There's a good deal of information about the Discrete Fourier Transform online, and you can certainly learn from what exists. However, a long time ago I saw a nice characterization of it that I can no longer find, and think is worth writing about.
Consider a sequence \( (a_0, a_1, \ldots, a_{N-1}) \) of length \( N \). Think of these as the coefficients of a polynomial \( f(x) = \sum_{k=0}^{N-1}a_kx^k \). Clearly the coefficients determine the polynomial, but as we know we can also define \( f \) uniquely by specifying its value at \( N \) points, since we know it has degree \( N-1 \). The Discrete Fourier Transform of \( (a_0, a_1, \ldots, a_{N-1}) \) is the sequence \( (f(1), f(\zeta), f(\zeta^2), \ldots, f(\zeta^{N-1})) \) where \( \zeta \) is a primitive \(N\)th root of unity (generally \( e^{\frac{2i\pi}{N}} \)).

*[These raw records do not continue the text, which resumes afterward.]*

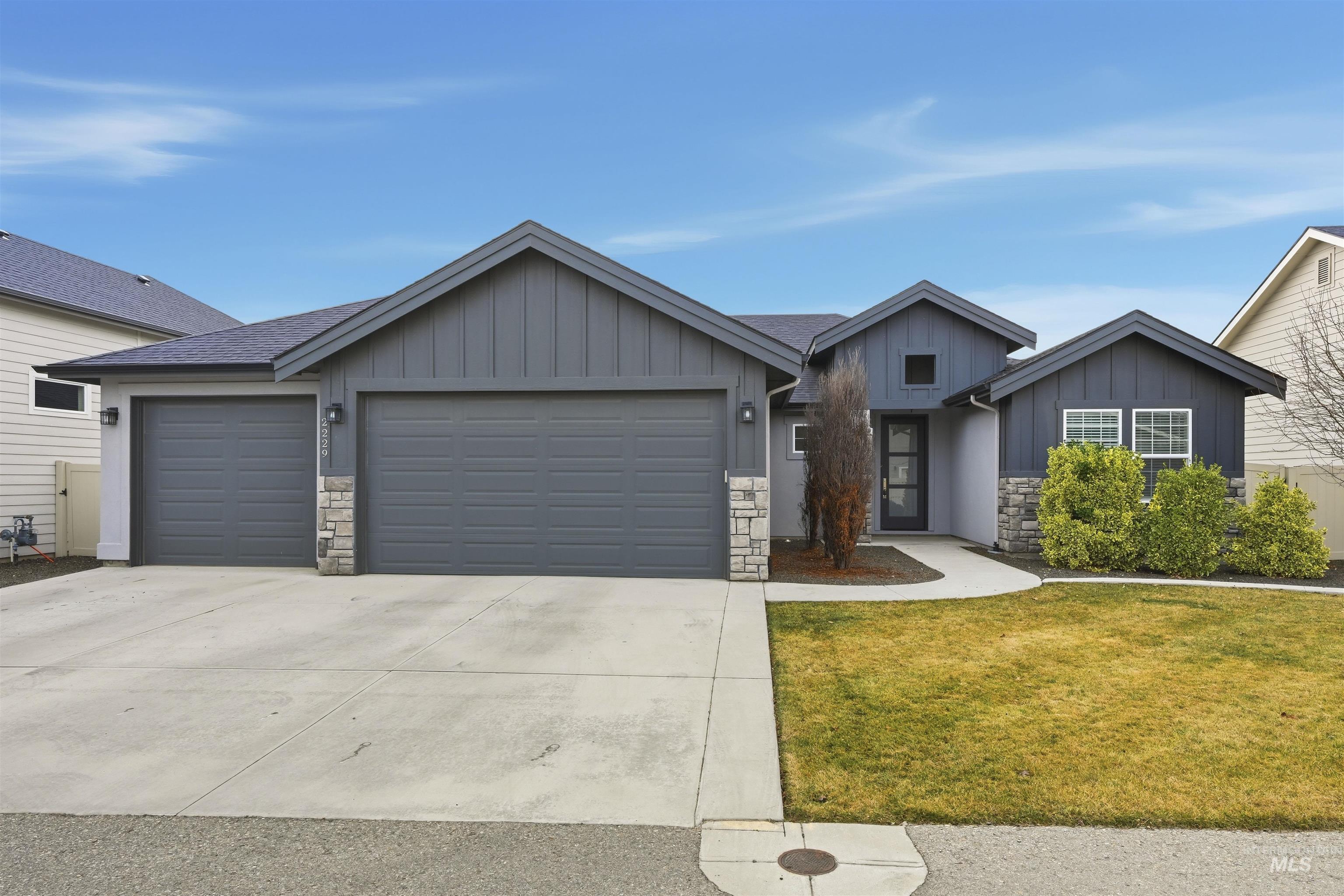 2229 East Grayson Street Meridian, ID 83642 - Photo 4 of 40 View of front of house featuring stone siding, board and batten siding, concrete driveway, a garage, and a front yard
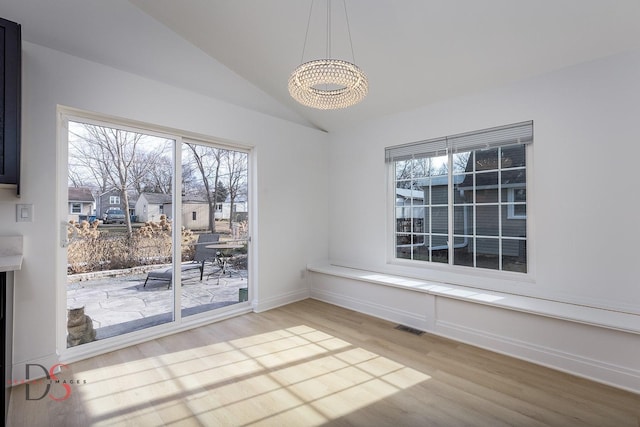 unfurnished dining area with a chandelier, vaulted ceiling, and hardwood / wood-style floors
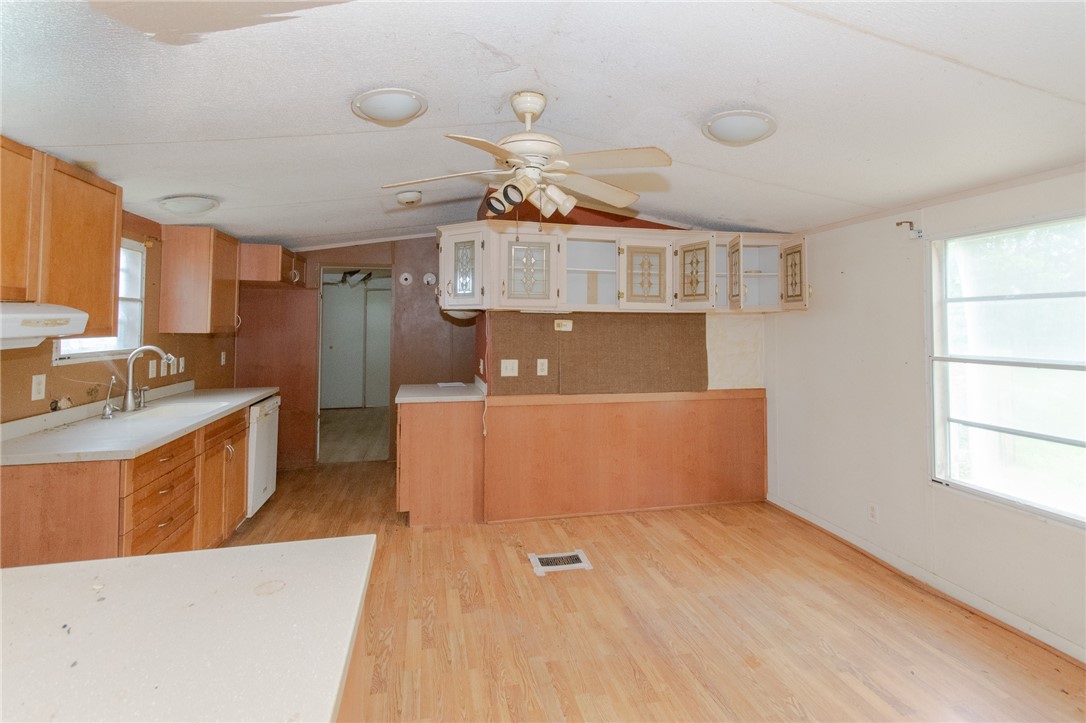 240 Ranger Drive Sandia, TX 78383 - Photo 3 of 12 a living room with stainless steel appliances kitchen island granite countertop a sink a stove top oven a counter space and cabinets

This formulation makes the circular convolution theorem almost trivial. If we have two sequences \( (a_0, \ldots, a_{N-1}) \) and \( (b_0, \ldots, b_{N-1}) \) and we consider their associated polynomials \( f(x) = \sum_{k=0}^{N-1} a_kx^k \) and \( g(x) = \sum_{k=0}^{N-1} b_kx^k \), then their product is of the form \( f(x)g(x) = \sum_{k=0}^{2N-2}\sum_{j=0}^{k}a_jb_{k-j}x^{k} \). The coefficients are almost the circular convolution of the two sequences -- to get there we just need to combine the terms for \( x^k \) with the terms for \( x^{k+N} \). In other words, we need to take \( f(x)g(x) \) modulo \( x^N - 1 \).
This means that \( h(x) = f(x)g(x) - r(x)(x^N - 1) \) is the polynomial whose coefficients are the circular convolution of \( (a_0, \ldots, a_{N-1}) \) and \( (b_0, \ldots, b_{N-1}) \). Remember that to determine \( h \), we just need to determine its value at \( N \) distinct points, and whenever \( x^N - 1 = 0 \), we have \( h(x) = f(x)g(x) \). As \( x^N - 1 \) has the \( N \) distinct roots \( 1, \zeta, \zeta^2, \ldots, \zeta^{N-1} \), if we know the values of \( f \) and \( g \) at these points, we also know the value of \( h \) there, and can therefore know all of \( h \). In other words, we're just looking for the sequence \( (f(1)g(1), f(\zeta)g(\zeta), \ldots, f(\zeta^{N-1})g(\zeta^{N-1})) \).